Cost of buying a home is main obstacle to retirement saving

Cost of buying a home is biggest obstacle for HK people to putting retirement cash away

PUBLISHED : Thursday, 21 February, 2013, 12:00am
UPDATED : Thursday, 21 February, 2013, 6:07am

Buying a flat has become the biggest obstacle to retirement saving for Hong Kong people, a survey by HSBC has found.

While the average pension pot is expected to cover only 11 years, those who do not have enough funds may be at risk of living six years beyond their retirement savings.

The survey on retirement savings, conducted in the third quarter of last year, polled more than 15,000 people in 15 countries and territories.

On average, Hong Kong respondents aspired to have HK$436,000 a year as the comfortable income in retirement, against HK$524,000 for current income. But more than half said they were not preparing enough for their retirement.

Asian respondents on average said they needed about HK$320,000 a year for a comfortable retirement.

With property prices rising, down payments have become a burden for homebuyers.
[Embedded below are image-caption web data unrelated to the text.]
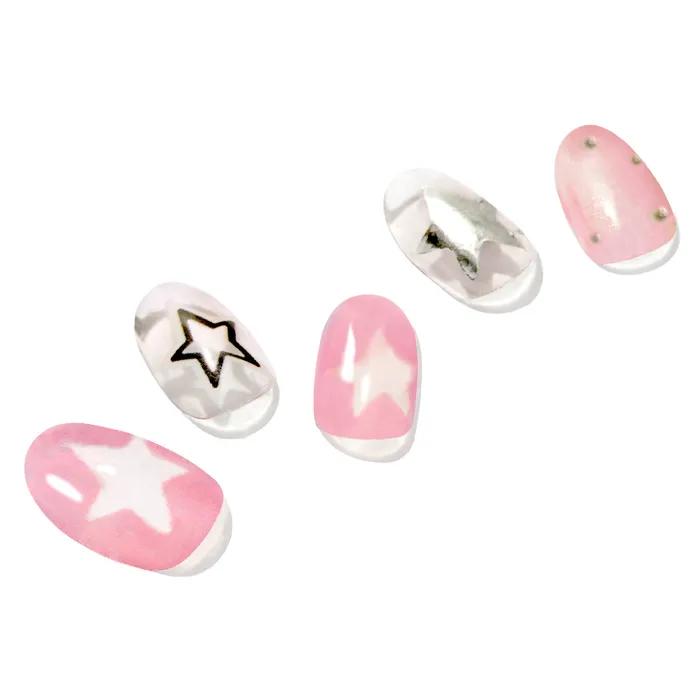 

Пэрис Хилтон Пэрис Хилтон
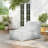 Perry Outdoor Bean Bag Lounge Chair-1727562658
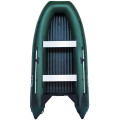 Надувная лодка SMarine AIR STANDARD-330 в 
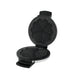 EAN 4211129127622 - WMF Lono 04.1521.0011 gofrera 5 barquillo(s) 900 W Negro, Cromo imagen 5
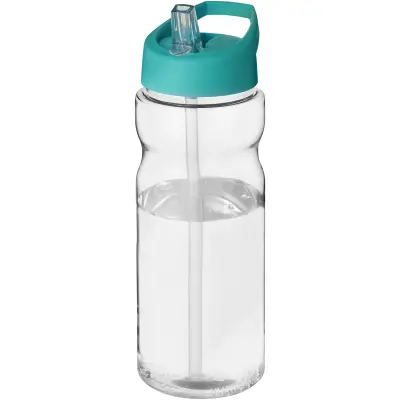Borraccia Tritan con beccuccio 650ml Base - Immagine 41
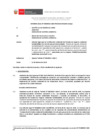 Vista preliminar de documento Anexo RD 00027-2-2026 PRODUCE DIGAM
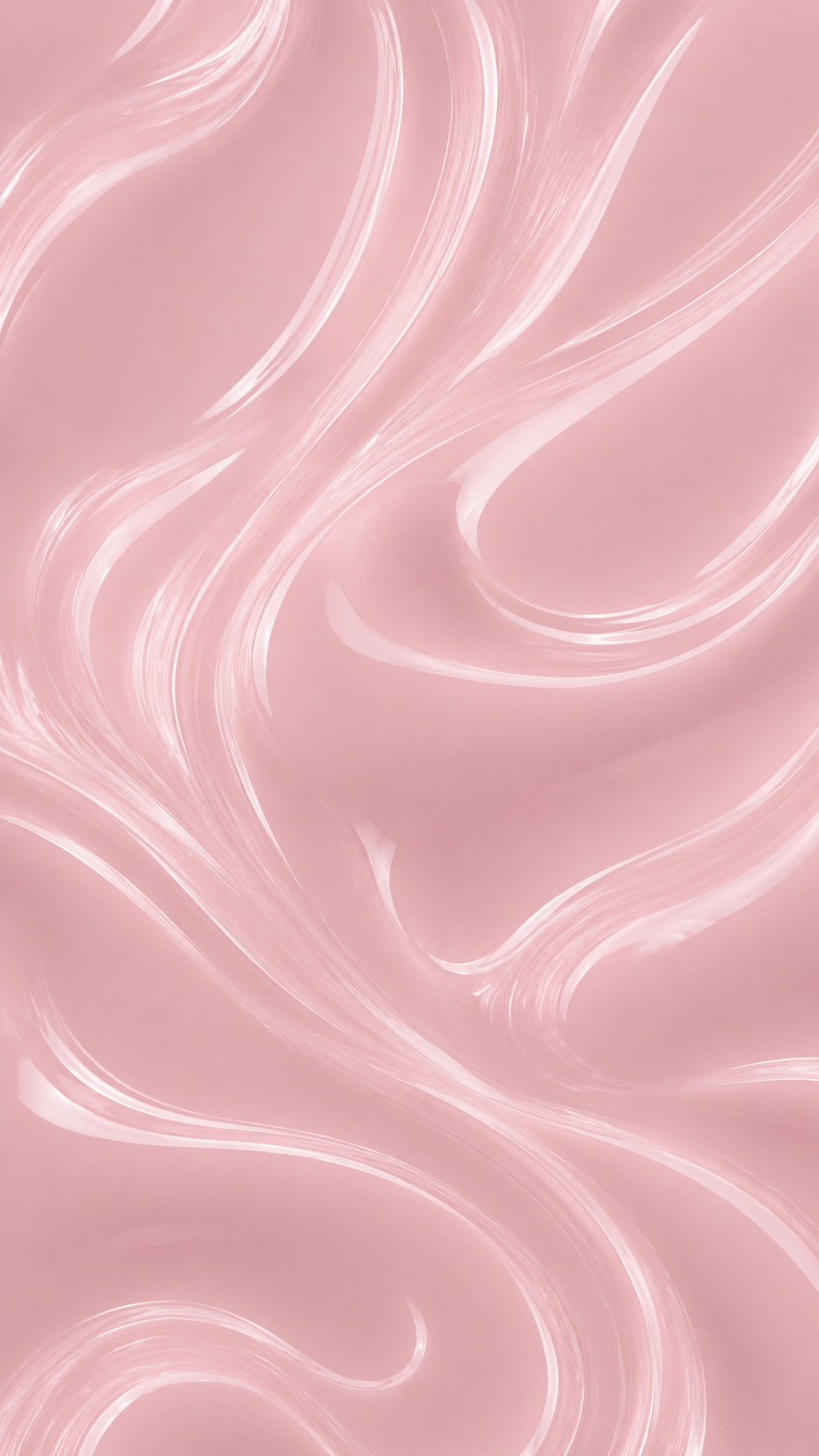 BUILDER GEL 03
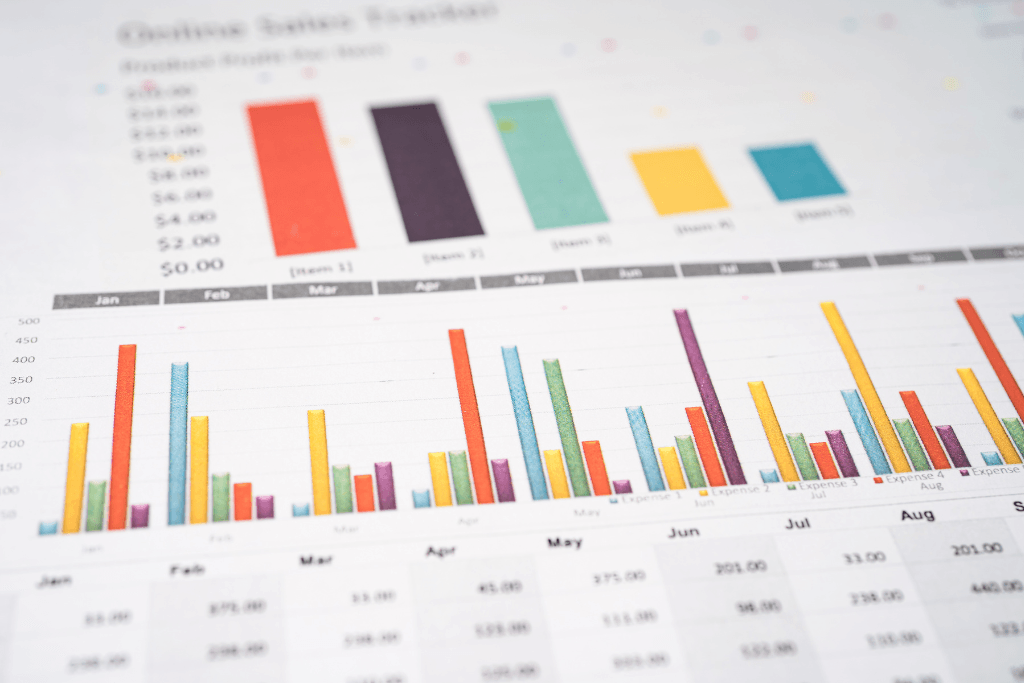 March 2024 Release – New CloudMonitor FinOps Reports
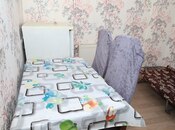 İcarəyə verilir 1 otaqlı həyət evi/bağ evi 15 m², Nəsimi m., photo 3 from 4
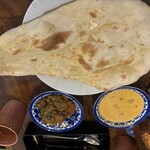 印度料理シタール - 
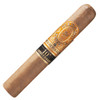 Perdomo Reserve 10th Anniversary Robusto Cigars - 5 x 54 (Box of 25)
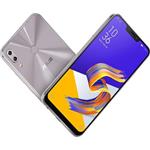 ASUS ZenFone 5Z ZS620KL 6,2" FHD+ OctaCore (2,80GHz) 6GB 64GB Cam8/12+8Mp 3300mAh DualSIM LTE NFC Androi ZS620KL-2H023EU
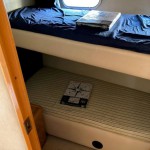 Princess  480 20 | Jacht makelaar | Shipcar Yachts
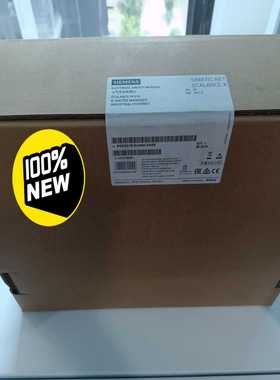 1P6GK5216-0HA00-2AS6XP216交询价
Two in five Hong Kong respondents said buying a home or paying a mortgage was derailing their effort to save money, as were paying for children's education, pay cuts and the economic downturn.
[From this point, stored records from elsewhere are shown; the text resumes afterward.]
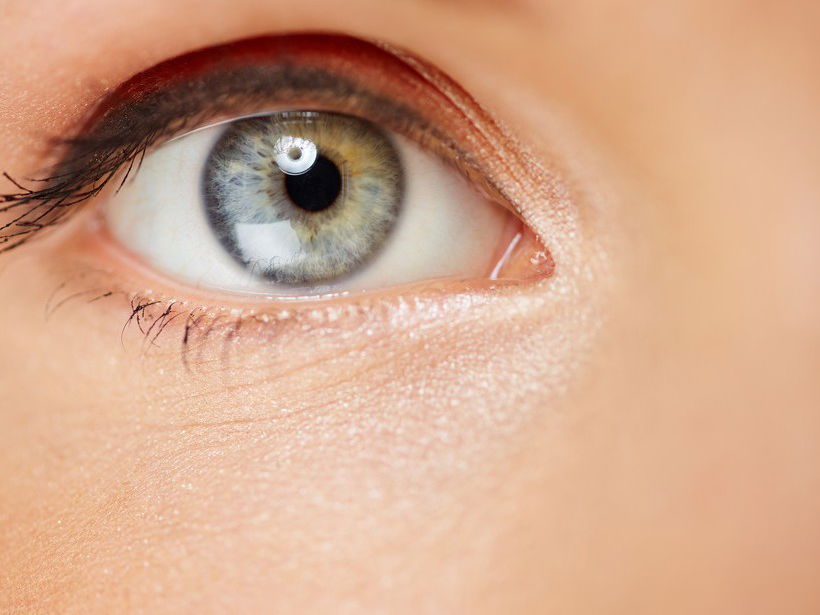 9 Interesting Quirks About the Human Body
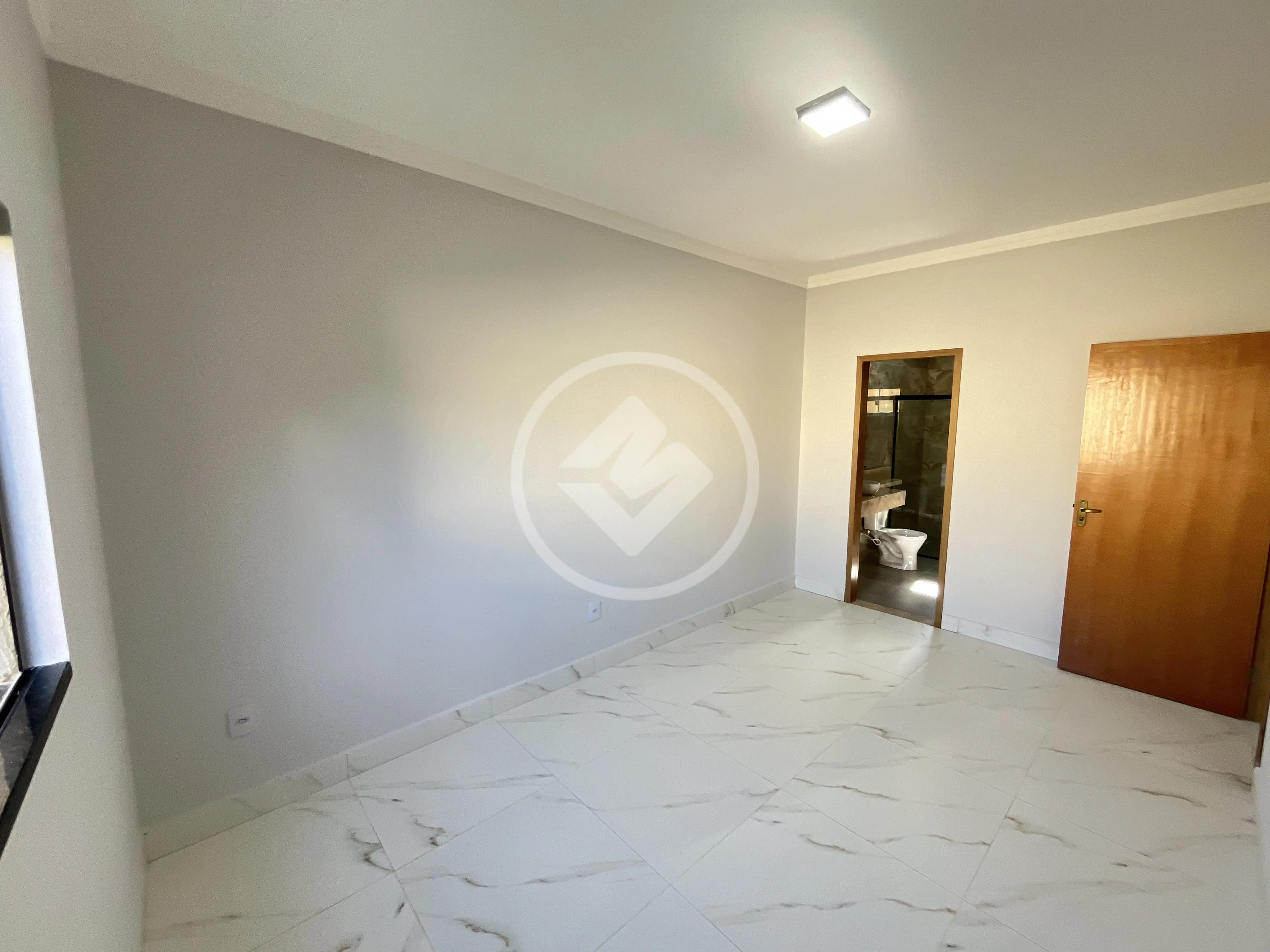 Imagem 6 - Casa em Alvorada, Senador Canedo - GO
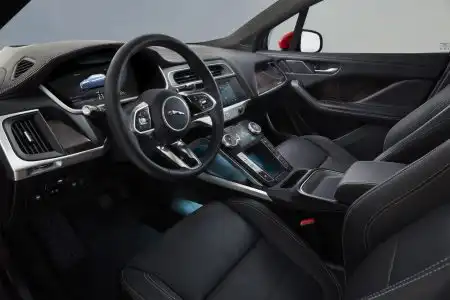 2019-Jaguar-I-Pace-82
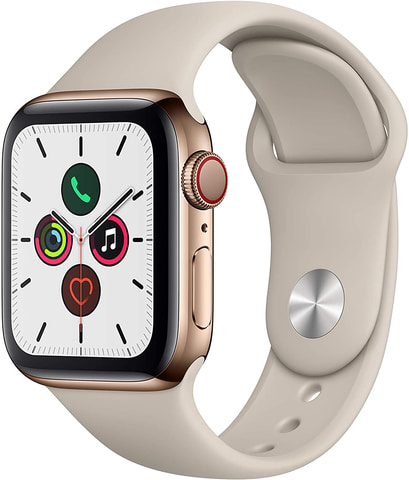 Amazon タイムセール祭り Apple Watchや Apple Macbook Proがお買い得に Game Watch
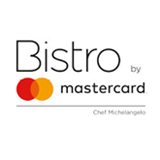 Bistro mastercard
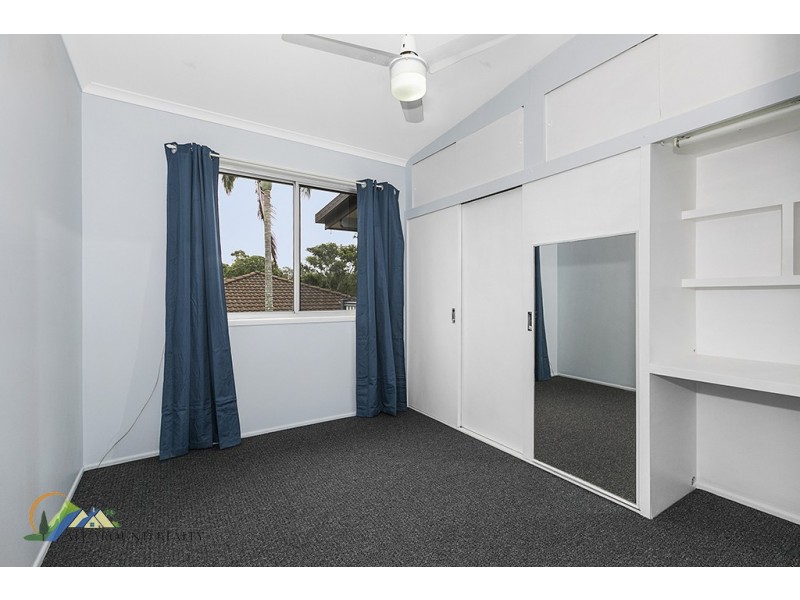 16A Illoura Street, Petrie QLD 4502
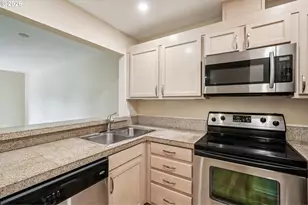 1500 SW Park Ave, Portland, OR 97201 - Photo 16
Extrapolations from the 2011 census suggest 30 per cent of Hong Kong's population will be over 65 years old by 2041.

Diana Cesar, the head of retail banking and wealth management at HSBC Hong Kong, said the ageing population was an increasing challenge.

"Shifting economic and social trends require Hong Kong people to plan better for the future," she said. "The Mandatory Provident Fund is only one of the ways to prepare for retirement."
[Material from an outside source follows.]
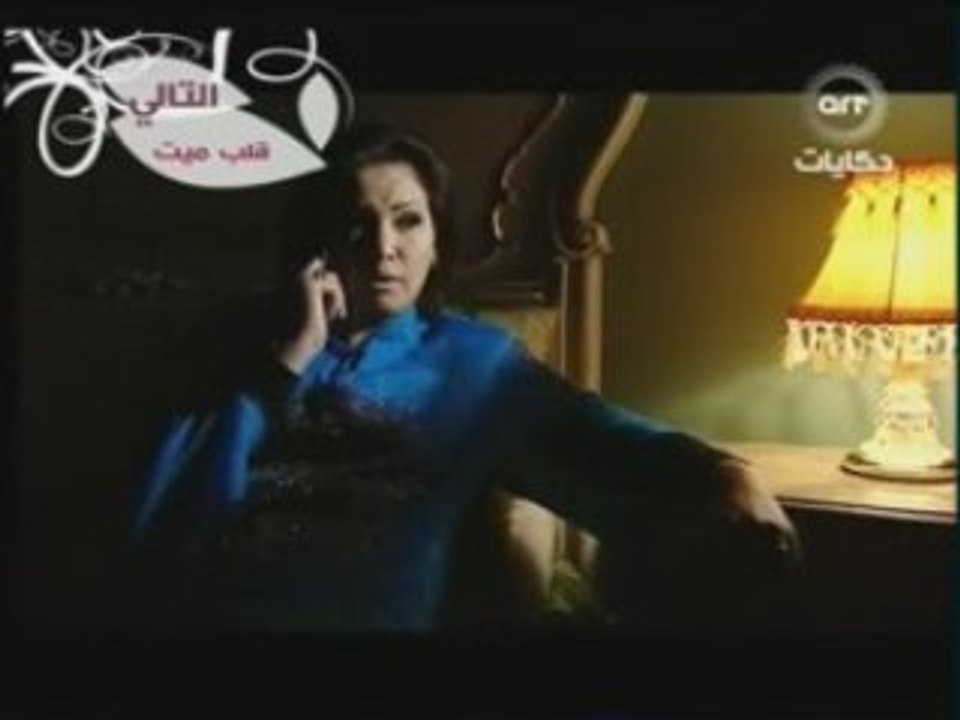 Sharaf 24 1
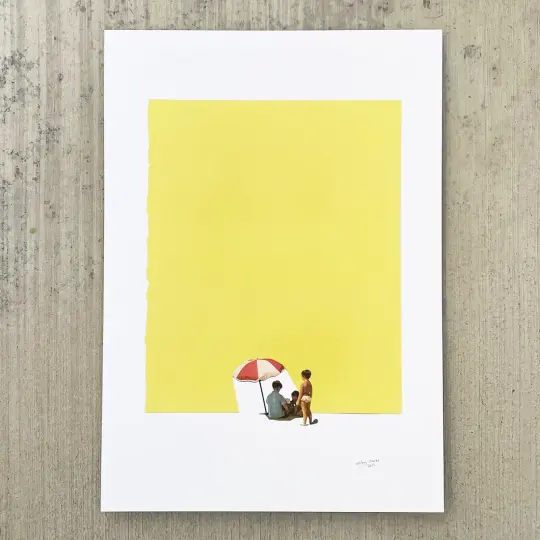 'dadIMfeelingDIZZY' print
Cesar said that as part of long-term planning, there were other tools for better decisions, such as seeking advice from financial advisers.

On average, Hong Kong respondents believe the age of 38 is the latest people can start financial planning for retirement.

Hong Kong Mortgage Corporation has been offering reverse mortgage programmes to people aged 55 or above since 2011. Until now, only six banks are participating in the programme, including Bank of China (Hong Kong) and Bank of East Asia.

Cesar said: "HSBC is reviewing whether to join the programme."